→ Task item: When you reach the line containing "Hotpod Electric Hot" in the entries below, please begin setting down lines exactly, stop only after the last one, and add nothing else.
=== Source information ===
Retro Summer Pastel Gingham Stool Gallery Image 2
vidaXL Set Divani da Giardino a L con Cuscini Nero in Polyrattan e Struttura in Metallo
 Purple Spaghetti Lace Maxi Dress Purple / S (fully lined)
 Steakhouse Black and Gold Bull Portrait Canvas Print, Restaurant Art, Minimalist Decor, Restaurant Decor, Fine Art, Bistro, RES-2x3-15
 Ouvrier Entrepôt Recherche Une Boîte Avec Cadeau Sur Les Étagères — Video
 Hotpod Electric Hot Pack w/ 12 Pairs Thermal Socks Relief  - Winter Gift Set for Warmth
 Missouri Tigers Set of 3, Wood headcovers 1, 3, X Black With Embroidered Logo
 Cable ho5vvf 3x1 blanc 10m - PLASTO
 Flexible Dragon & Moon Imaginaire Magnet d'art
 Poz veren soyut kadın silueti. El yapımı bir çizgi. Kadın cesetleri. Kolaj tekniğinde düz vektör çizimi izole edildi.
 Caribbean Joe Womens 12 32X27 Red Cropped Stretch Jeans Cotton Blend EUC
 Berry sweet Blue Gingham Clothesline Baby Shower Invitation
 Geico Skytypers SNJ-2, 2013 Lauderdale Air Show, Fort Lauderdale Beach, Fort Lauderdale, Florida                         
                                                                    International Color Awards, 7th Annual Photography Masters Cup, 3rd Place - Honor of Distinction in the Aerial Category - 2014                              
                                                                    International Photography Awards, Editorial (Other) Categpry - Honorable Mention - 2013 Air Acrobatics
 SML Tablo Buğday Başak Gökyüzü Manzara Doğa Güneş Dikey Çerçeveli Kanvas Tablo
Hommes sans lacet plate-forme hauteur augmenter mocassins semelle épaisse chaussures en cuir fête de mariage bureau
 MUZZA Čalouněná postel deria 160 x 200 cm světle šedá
===
→ Your solution:
 Hotpod Electric Hot Pack w/ 12 Pairs Thermal Socks Relief  - Winter Gift Set for Warmth
 Missouri Tigers Set of 3, Wood headcovers 1, 3, X Black With Embroidered Logo
 Cable ho5vvf 3x1 blanc 10m - PLASTO
 Flexible Dragon & Moon Imaginaire Magnet d'art
 Poz veren soyut kadın silueti. El yapımı bir çizgi. Kadın cesetleri. Kolaj tekniğinde düz vektör çizimi izole edildi.
 Caribbean Joe Womens 12 32X27 Red Cropped Stretch Jeans Cotton Blend EUC
 Berry sweet Blue Gingham Clothesline Baby Shower Invitation
 Geico Skytypers SNJ-2, 2013 Lauderdale Air Show, Fort Lauderdale Beach, Fort Lauderdale, Florida                         
                                                                    International Color Awards, 7th Annual Photography Masters Cup, 3rd Place - Honor of Distinction in the Aerial Category - 2014                              
                                                                    International Photography Awards, Editorial (Other) Categpry - Honorable Mention - 2013 Air Acrobatics
 SML Tablo Buğday Başak Gökyüzü Manzara Doğa Güneş Dikey Çerçeveli Kanvas Tablo
Hommes sans lacet plate-forme hauteur augmenter mocassins semelle épaisse chaussures en cuir fête de mariage bureau
 MUZZA Čalouněná postel deria 160 x 200 cm světle šedá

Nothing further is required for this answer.